Lewellen gave Hintz an "F" on the midterm. Hintz, who'd always scored well
on standardized tests, went to see Lewellen about the grade.
Lewellen looked up steely-eyed
from his reading and said, "Mr. Hintz, I am indifferent to your success
or failure." Taking it as a challenge, Hintz went on to read "everything
Lewellen ever wrote." He aced the final, but much to his surprise, Lewellen
averaged the two grades and awarded Hintz a "C" in the class.
After a tour in Vietnam,
a master's degree in systems management at the University of Southern California,
a master's degree in finance from the Wharton School, and stints at
Standard Oil of California and the Northern Trust Co., Hintz became the treasurer
of Anderson Clayton & Company (a Fortune 200 consumer product company
in Houston). Upon this event, he wrote Lewellen a note reminding him of the
first finance course and the final grade, and thanked him for his start in
finance. Lewellen wrote back, tongue firmly in cheek, "I am still indifferent
to your success or failure, Mr. Hintz."
Hintz laughs at the memory. "We're fast friends.

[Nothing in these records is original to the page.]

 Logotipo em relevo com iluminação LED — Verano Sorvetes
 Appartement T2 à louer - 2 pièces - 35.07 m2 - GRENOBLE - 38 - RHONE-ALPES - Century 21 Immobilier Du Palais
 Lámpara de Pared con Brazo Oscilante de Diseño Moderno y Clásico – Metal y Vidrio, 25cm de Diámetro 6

I love Lewellen's dry sense of humor. Bill's a real player in corporate finance;
there is no one who knows capital markets asset pricing theory as well as
he does, and no one who can explain it as clearly."

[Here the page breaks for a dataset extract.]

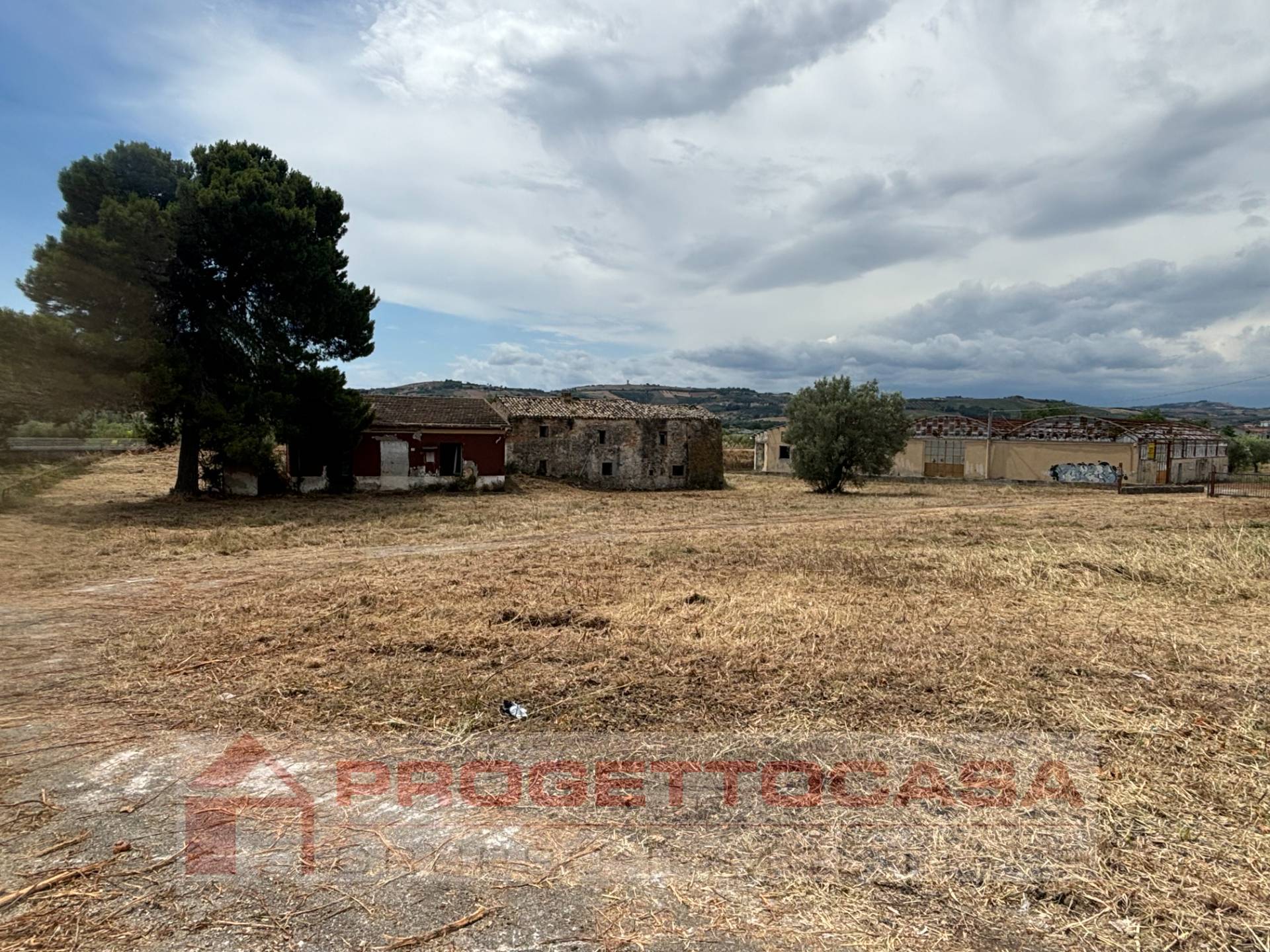 Terreno Art.le/Comm.le/Ind.le in vendita a Giulianova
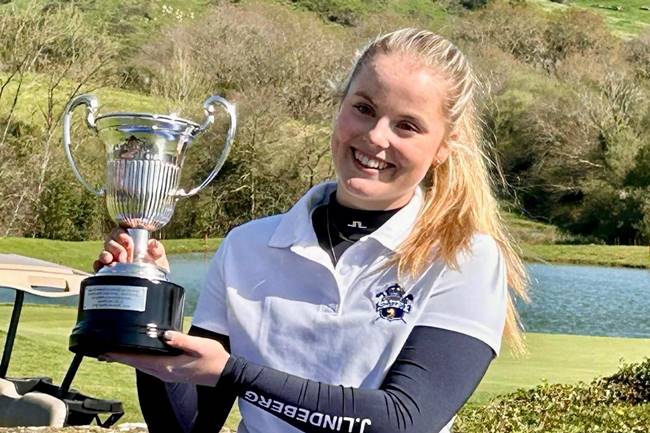 Cloe Amión revalida el título de Campeona de España Sub 18 Femenino en Golf Santa Marina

Hintz's career then led him to a 13-year stay
on Wall Street, first at Morgan Stanley Group, where he became a partner
of the firm in charge of funding and financing, and then as CFO at Lehman
Brothers in 1996. He took a buyout from Lehman and spent a year in semi-retirement, "being
a dad to my 10-year-old son" and "making up for all the dinners I had missed
with my wife over the years," he says, adding, "Frankly, of all the things
I've done I am most proud of having won the Cub Scout Pinewood Derby with
my son that year."
Hintz is now a sell-side analyst for Sanford C.

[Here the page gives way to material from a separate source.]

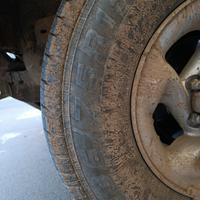 gomme 235 75 15 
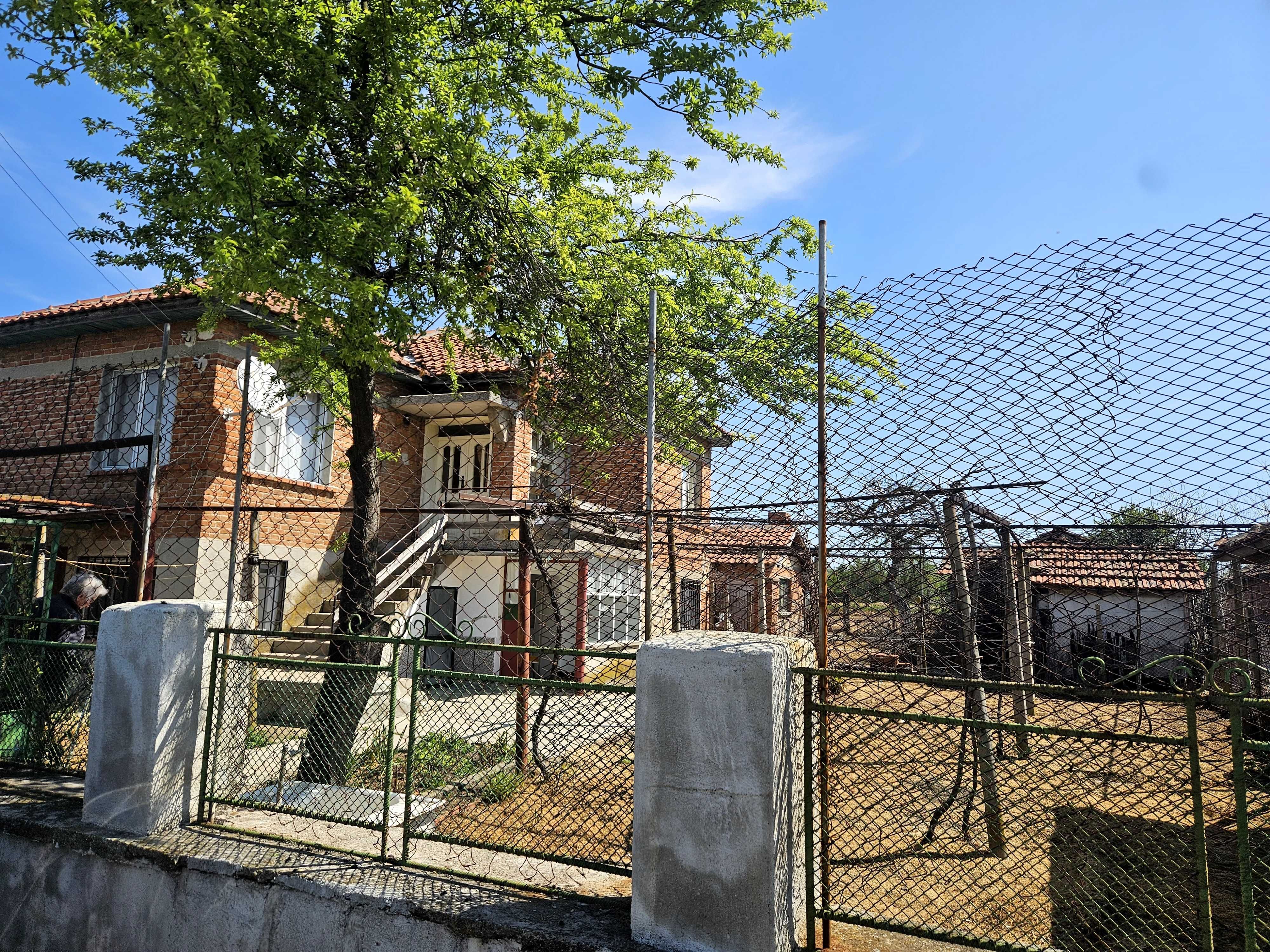 Къща в с. Крумово, обл. Ямбол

Bernstein & Co. LLC in New York covering the securities industry.
"I'm every
CEO's worst dream -- a CFO who has become an equity analyst," he says. "I'm
following an industry I've learned to love -- but not take too seriously."
He has used Prof. Mike Cooper's SMIF participants
for help on a project to forecast the growth of European capital markets
over the next five years and on a project to predict when Goldman Sachs'
common stock would be included in the S&P 500 index.
"The Krannert
students are well-trained, very quantitative and so comfortable with the
numbers," he says. "That's the basis of finance -- and a tradition at Krannert."
From theStreet.com to GE Capital
Andrew Greta, MBA '99, received his
bachelor's degree in economics from Purdue in 1992 and became a broker at Prudential
Securities. He didn't think he'd be back.
"I decided
I wanted a higher order of intellectual challenge and started looking at
MBA programs," Greta says. "I got accepted at the University of Chicago and
then came down to talk to Logan Jordan (Krannert School associate dean),
who was one of my clients, and Alan Ferrell (Krannert's graduate career services
director).
"They were
very upfront about what I could and couldn't do with a degree in finance
from Krannert. With the emphasis on corporate finance, Wall Street didn't
come looking for Krannert MBAs." However, in corporate finance, there are
still plenty of opportunities to be involved with investing.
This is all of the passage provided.